Brap why do you have to write so much? I can't get thing to post long long long deals. I lost a huge amount of this I don't want to back and back track it. I lost a lot of the stuff because it just wont post it when it's so long. even chopping it down it still just wont post certain things.

Brap Gronk said...

Meta: "Brap why do you have to write so much?"

For starters, I try to answer every question asked of me in discussions like this. I know people get frustrated when their questions are never answered, which usually leads to a communication breakdown. Then I have a tendency to also explain why I disagree with statements used to present the case for the opposing viewpoint, and, yeah, it does get lengthy at times.

Rather then reply point by point to your most recent responses, I will just answer one of your questions:

Meta: "why is Joseph Smith your standard? were you a Mormon?"

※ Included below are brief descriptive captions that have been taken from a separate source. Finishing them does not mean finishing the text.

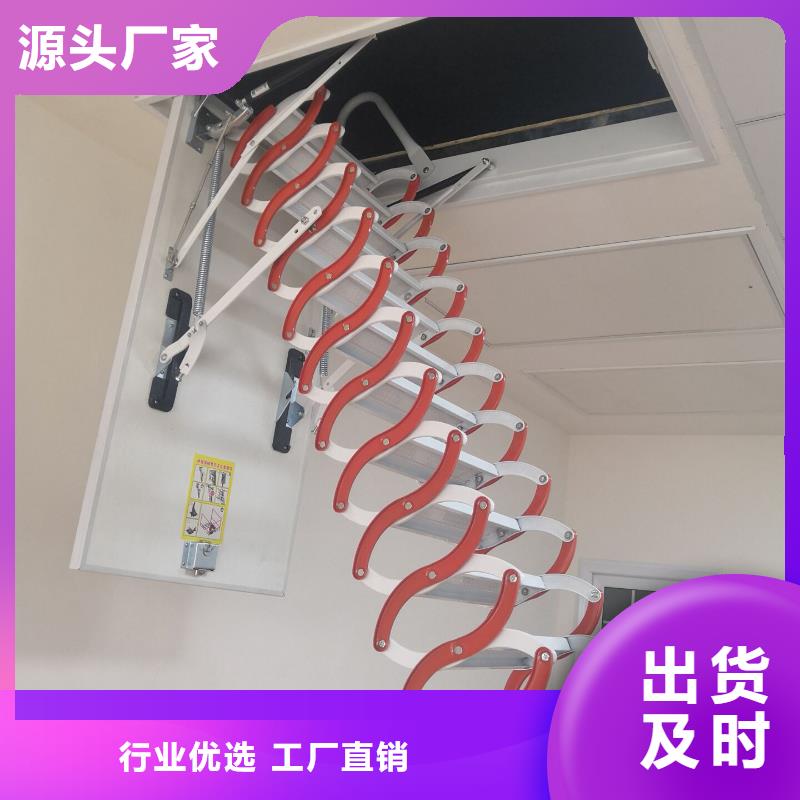 质量优的水富楼梯现货厂家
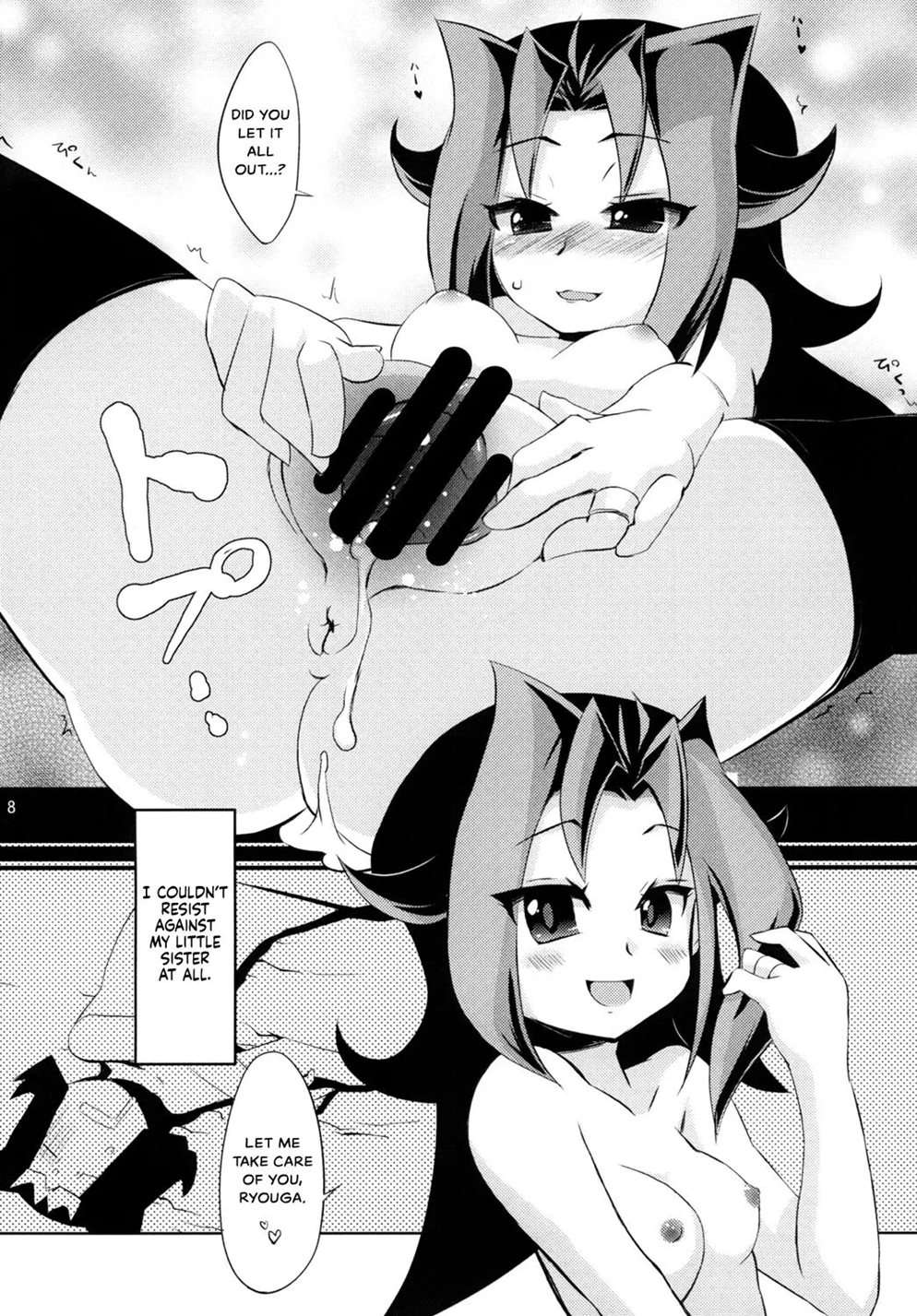 Onii-chan Dakedo Aisae Areba XYZ Shite Mo Iiyone [Oneshot]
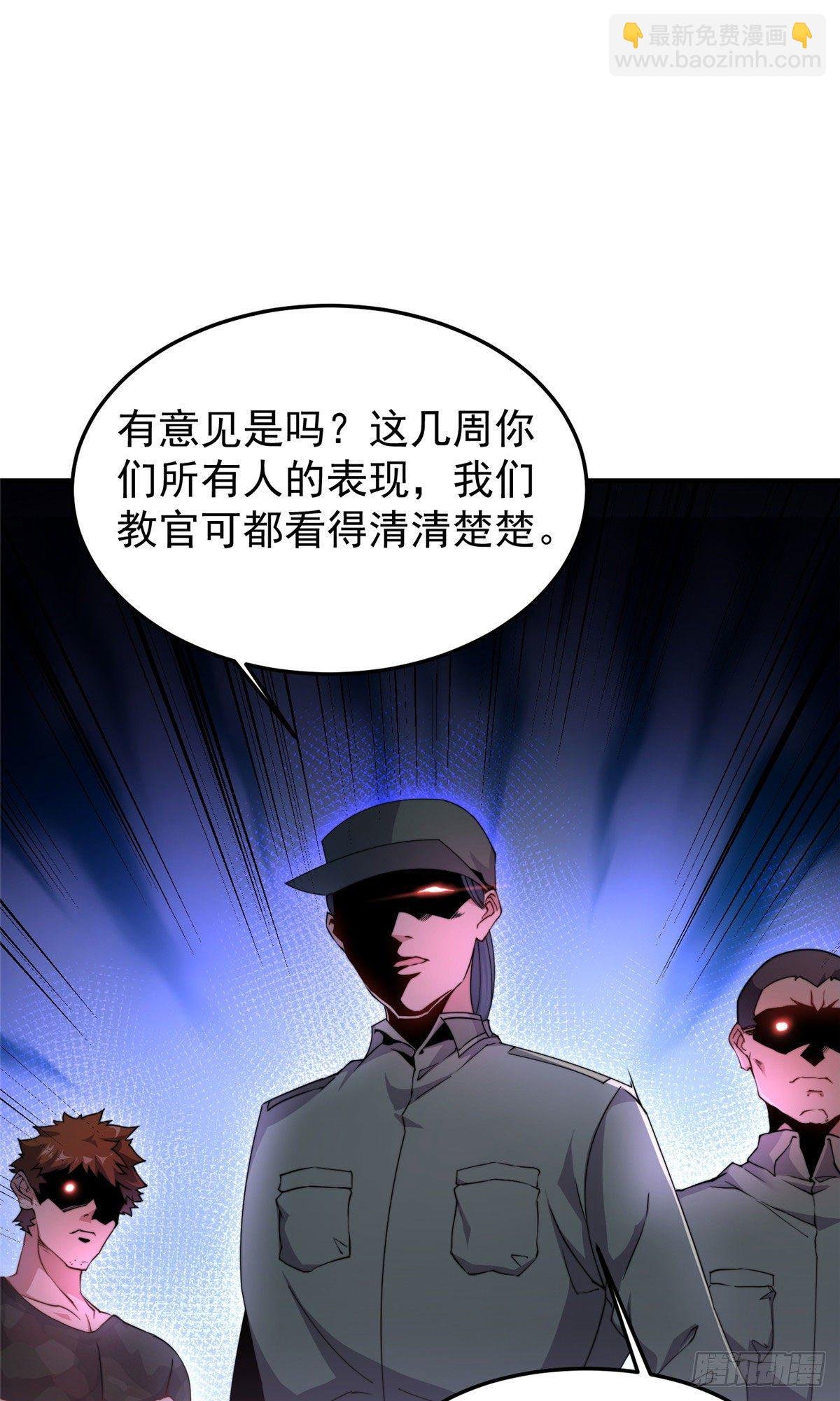 020 笼中训练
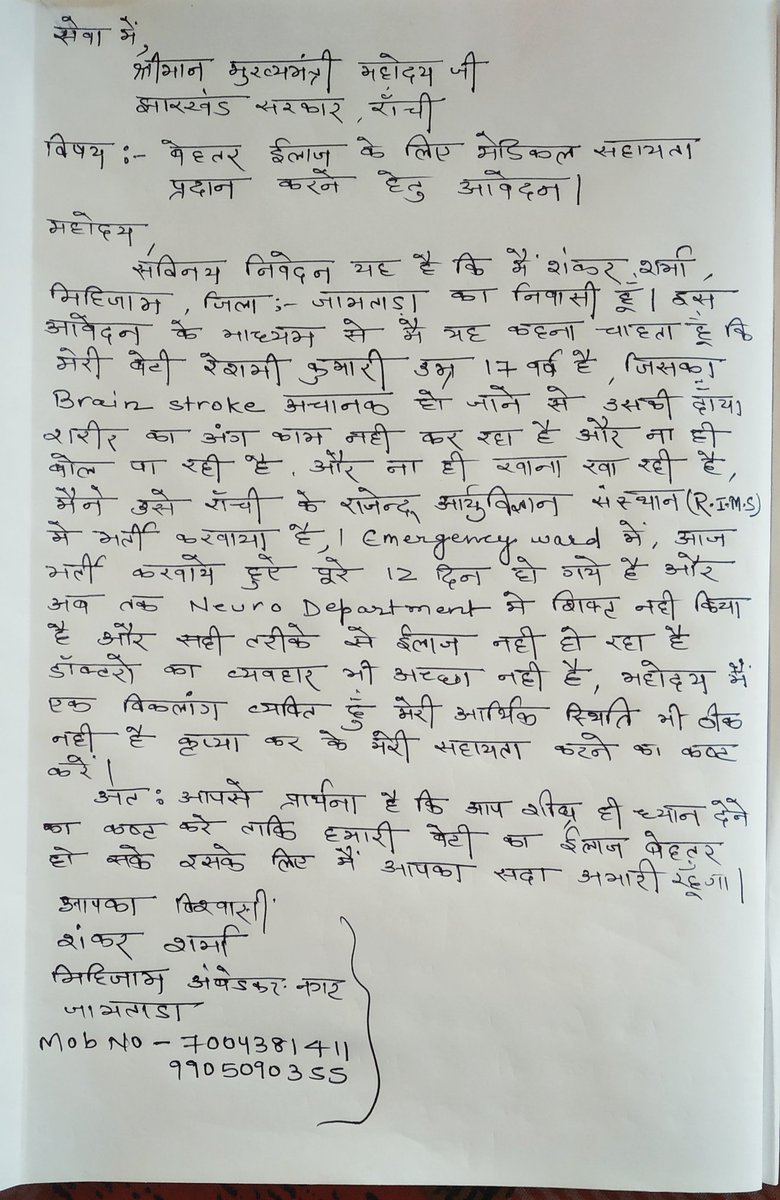 VIKS88562722's tweet photo. बेहतर इलाज के लिए मेडिकल सहायता प्रदान करने हेतु आवेदन।
@HemantSorenJMM 
@BannaGupta76 
@JamtaraJmm 
@JmmJharkhand 
@JharkhandCMO https://t.co/hmzoRGS7pV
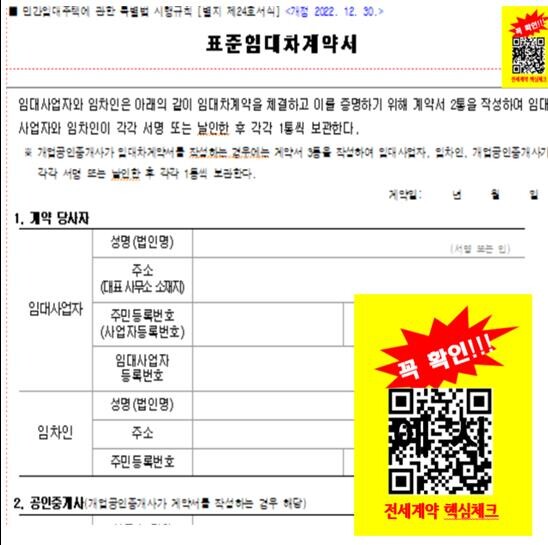 전세계약서 상단에 부착될 QR코드 스티커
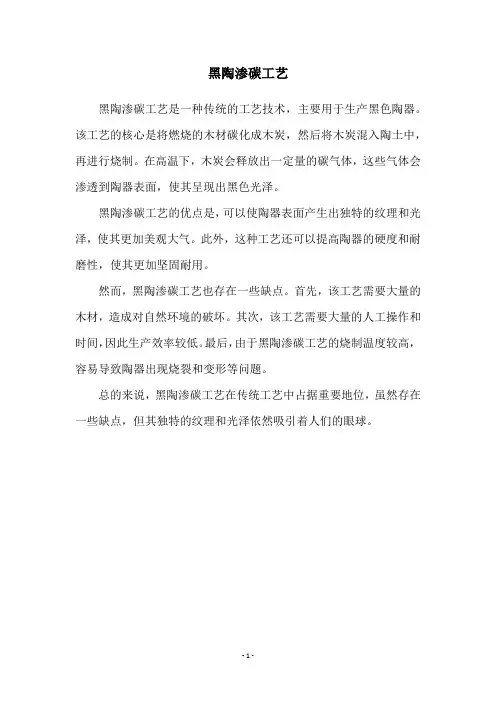 黑陶渗碳工艺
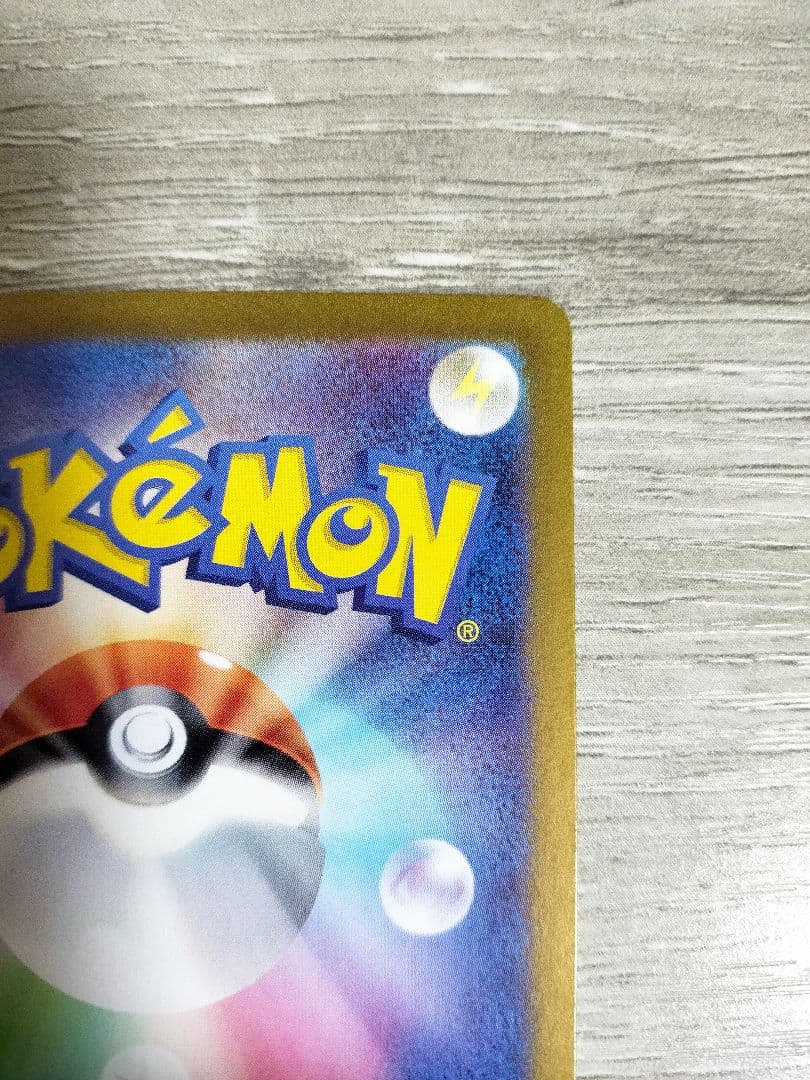 ポケモンカード　サザレSAR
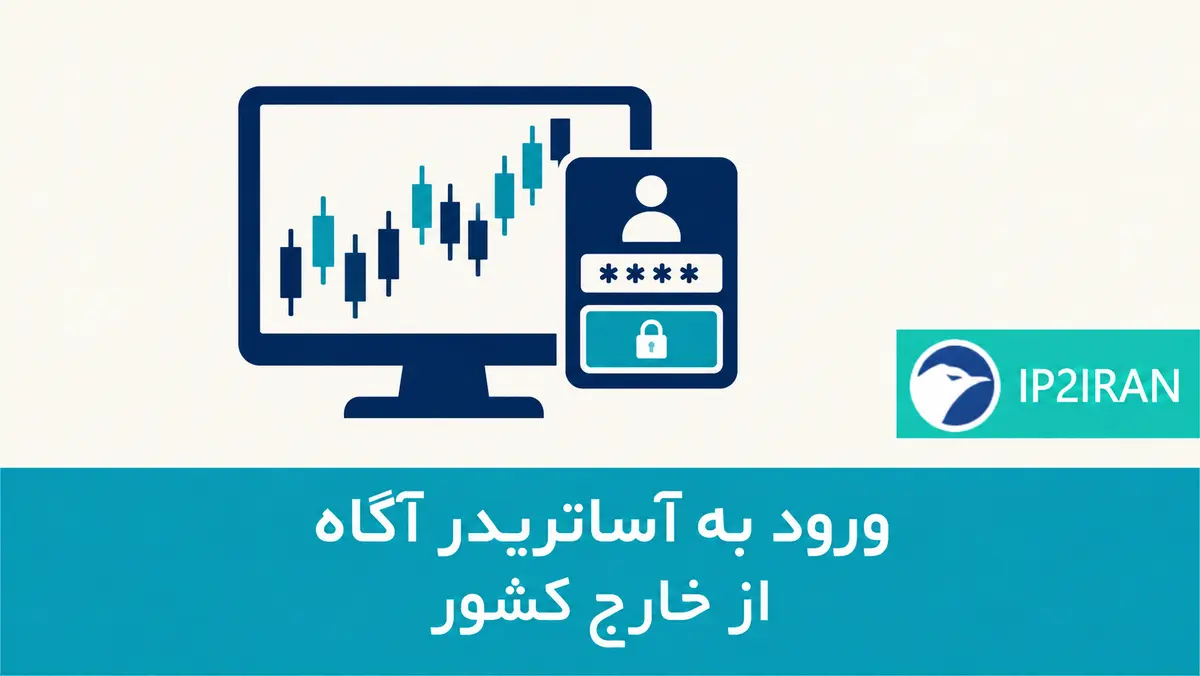 ورود به آساتریدر آگاه از خارج کشور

No, I never was a Mormon, and I didn't know anything about the history of the Mormon church until two or three years ago. The reason I like to bring up Joseph Smith occasionally is that although there are significant differences between Protestantism and Mormonism, Mormonism serves as an excellent example of how an influential person or persons can fabricate stories about the divine, get people to believe it to the point where they are willing to sacrifice and even die for it, and start a movement that remains a major worldwide religion to this day.

The holes in Mormonism are huge and easily refuted, yet Mormons are blinded by their faith and refuse to come to the logical conclusions about it. I recently came to the realization that becoming an apostate from any religion might be very similar to, or perhaps worse than, losing your closest family member. An apostate stands to lose not only his most important relationship, but also his way of life, even family and friends. I can only assume it's natural to fight such a loss with all of one's being, much like the fear of falling is hard to suppress.

Joseph Hinman (Metacrock) said...

you are through I enjoy your posts. ordinarily I wouldn't mind them being so long but I just can't get everything I answer posted. I always lose some becuase it wont take it and I have to cut it up then wind up losing stuff at the bottom.

Smith is not analogous to Christianity in general. It's very bad to get in the habit of arguing by analogy.